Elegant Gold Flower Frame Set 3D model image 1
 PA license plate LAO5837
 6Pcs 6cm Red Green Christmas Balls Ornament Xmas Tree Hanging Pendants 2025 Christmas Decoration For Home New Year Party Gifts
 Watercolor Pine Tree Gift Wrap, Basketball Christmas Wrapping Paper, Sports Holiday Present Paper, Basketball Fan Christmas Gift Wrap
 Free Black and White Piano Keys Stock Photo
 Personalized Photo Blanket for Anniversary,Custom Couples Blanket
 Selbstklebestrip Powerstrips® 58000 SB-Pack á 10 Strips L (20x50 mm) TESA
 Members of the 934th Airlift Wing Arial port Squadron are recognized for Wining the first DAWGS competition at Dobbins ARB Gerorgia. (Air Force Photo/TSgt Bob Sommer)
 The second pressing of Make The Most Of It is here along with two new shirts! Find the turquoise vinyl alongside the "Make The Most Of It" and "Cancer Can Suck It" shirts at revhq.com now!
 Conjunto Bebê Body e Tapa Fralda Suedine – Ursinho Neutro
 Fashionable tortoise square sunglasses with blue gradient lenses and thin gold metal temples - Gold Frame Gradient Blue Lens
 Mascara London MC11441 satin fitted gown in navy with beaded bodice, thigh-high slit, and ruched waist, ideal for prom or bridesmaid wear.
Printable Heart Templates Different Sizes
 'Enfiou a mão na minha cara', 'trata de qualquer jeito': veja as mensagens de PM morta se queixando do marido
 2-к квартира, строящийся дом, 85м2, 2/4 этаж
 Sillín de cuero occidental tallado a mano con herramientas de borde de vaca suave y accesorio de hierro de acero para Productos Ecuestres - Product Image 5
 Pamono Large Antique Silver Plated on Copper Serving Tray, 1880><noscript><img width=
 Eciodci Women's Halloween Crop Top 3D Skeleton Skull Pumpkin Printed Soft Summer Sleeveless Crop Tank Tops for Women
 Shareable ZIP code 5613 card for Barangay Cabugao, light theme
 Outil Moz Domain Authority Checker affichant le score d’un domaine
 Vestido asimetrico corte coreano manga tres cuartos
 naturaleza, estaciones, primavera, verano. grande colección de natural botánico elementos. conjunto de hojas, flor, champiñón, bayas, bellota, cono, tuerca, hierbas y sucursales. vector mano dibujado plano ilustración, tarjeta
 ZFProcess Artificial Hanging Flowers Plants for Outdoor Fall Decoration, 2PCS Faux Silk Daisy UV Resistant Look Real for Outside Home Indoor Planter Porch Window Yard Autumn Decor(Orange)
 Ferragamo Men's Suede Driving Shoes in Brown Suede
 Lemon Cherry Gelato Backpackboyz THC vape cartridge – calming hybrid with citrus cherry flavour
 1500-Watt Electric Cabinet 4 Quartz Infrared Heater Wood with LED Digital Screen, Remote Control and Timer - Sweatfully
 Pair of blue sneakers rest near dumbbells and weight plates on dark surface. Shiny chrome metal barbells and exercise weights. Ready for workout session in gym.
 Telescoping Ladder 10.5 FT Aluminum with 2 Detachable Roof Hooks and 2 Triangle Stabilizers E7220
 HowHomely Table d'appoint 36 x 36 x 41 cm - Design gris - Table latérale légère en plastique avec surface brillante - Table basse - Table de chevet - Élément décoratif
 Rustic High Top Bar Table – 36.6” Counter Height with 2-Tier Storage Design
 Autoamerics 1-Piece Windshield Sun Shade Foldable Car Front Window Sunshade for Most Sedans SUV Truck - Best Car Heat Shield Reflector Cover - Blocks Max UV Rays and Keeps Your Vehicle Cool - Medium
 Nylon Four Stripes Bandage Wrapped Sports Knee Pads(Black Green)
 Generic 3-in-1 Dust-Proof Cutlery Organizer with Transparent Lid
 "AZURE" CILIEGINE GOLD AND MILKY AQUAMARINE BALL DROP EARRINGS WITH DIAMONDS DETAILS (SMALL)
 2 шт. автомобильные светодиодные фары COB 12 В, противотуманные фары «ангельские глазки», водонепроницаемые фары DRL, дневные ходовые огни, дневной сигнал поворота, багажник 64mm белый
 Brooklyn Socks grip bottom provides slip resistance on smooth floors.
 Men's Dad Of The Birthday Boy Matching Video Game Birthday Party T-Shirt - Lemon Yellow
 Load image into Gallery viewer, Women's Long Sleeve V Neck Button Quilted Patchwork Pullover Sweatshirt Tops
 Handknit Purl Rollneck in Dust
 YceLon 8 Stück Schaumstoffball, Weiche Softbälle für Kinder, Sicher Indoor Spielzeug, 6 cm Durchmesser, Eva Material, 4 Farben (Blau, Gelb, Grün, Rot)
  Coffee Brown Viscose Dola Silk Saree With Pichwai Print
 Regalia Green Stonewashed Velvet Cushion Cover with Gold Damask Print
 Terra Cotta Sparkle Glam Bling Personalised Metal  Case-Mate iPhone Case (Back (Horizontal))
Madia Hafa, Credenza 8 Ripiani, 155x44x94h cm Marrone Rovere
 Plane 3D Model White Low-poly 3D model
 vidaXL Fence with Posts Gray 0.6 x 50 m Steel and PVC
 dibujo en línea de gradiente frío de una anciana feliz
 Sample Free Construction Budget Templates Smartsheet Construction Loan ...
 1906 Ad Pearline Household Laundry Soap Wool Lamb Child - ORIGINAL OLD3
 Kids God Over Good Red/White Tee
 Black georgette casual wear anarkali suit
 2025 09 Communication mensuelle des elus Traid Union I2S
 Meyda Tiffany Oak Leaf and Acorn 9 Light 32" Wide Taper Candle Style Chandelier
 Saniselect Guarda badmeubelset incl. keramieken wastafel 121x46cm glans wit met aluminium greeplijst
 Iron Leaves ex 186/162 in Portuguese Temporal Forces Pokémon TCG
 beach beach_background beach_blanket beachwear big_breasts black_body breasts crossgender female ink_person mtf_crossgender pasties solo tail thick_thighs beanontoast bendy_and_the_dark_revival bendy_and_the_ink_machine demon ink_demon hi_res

============================================================

#### DESCRIPTION OF THE TASK:
In the listing above, find the line holding "Black georgette casual wear anarkali suit" and the line holding "Meyda Tiffany Oak", then output those two lines and every line between them exactly.

#### REPLY:
 Black georgette casual wear anarkali suit
 2025 09 Communication mensuelle des elus Traid Union I2S
 Meyda Tiffany Oak Leaf and Acorn 9 Light 32" Wide Taper Candle Style Chandelier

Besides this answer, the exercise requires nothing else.